Perda Persampahan Jadi Ruang Pengaduan Warga
Sosialisasi Perda Nomor 7 Tahun 2024 tersebut tidak hanya menjadi agenda penyampaian aturan mengenai pengelolaan persampahan. Pertemuan juga menjadi ruang dialog antara masyarakat dengan unsur pemerintah serta pihak yang berkaitan dengan pengelolaan Bank Sampah.
Kehadiran perwakilan DLH Kota Medan dan pihak kecamatan memberi kesempatan kepada warga untuk menyampaikan persoalan yang mereka hadapi di lingkungan masing-masing.
Bagi masyarakat, persoalan persampahan tidak berhenti pada bagaimana sampah dibuang. Pengangkutan yang tepat waktu, pemilahan dari rumah, ketersediaan tempat pengelolaan serta peluang pemanfaatan sampah menjadi bagian yang saling berkaitan.
Sementara bagi pemerintah dan pengelola Bank Sampah, masukan warga menjadi bahan untuk memperbaiki mekanisme pelayanan sekaligus memperluas partisipasi masyarakat.

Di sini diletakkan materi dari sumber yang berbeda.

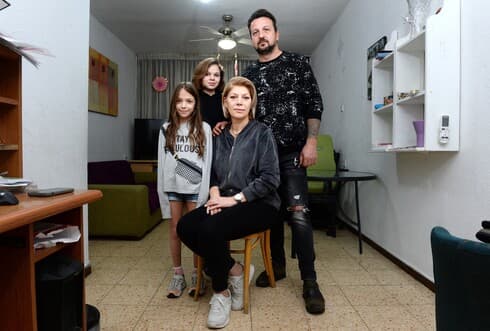 משפחת ציופרין מרחובות עלתה לארץ רגע לפני הקורונה ומעודדת עולים שמגיעים בעיצומו של עוד סגר. "תהיו סבלניים, עוד יבואו ימים טובים" (צילום: קובי קואנקס) משפחת ציופרין מרחובות עלתה לארץ רגע לפני הקורונה ומעודדת עולים שמגיעים בעיצומו של עוד סגר. "תהיו סבלניים, עוד יבואו ימים טובים"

Melalui pemilahan sejak dari sumbernya, sampah yang masih memiliki nilai dapat dipisahkan untuk dikelola. Langkah tersebut diharapkan mampu mengurangi persoalan kebersihan sekaligus membuka peluang ekonomi bagi masyarakat.
Pada saat yang sama, kebiasaan tidak membuang sampah sembarangan diharapkan dapat membantu menjaga kondisi lingkungan, khususnya ketika curah hujan meningkat dan risiko banjir kembali menjadi perhatian warga Kota Medan.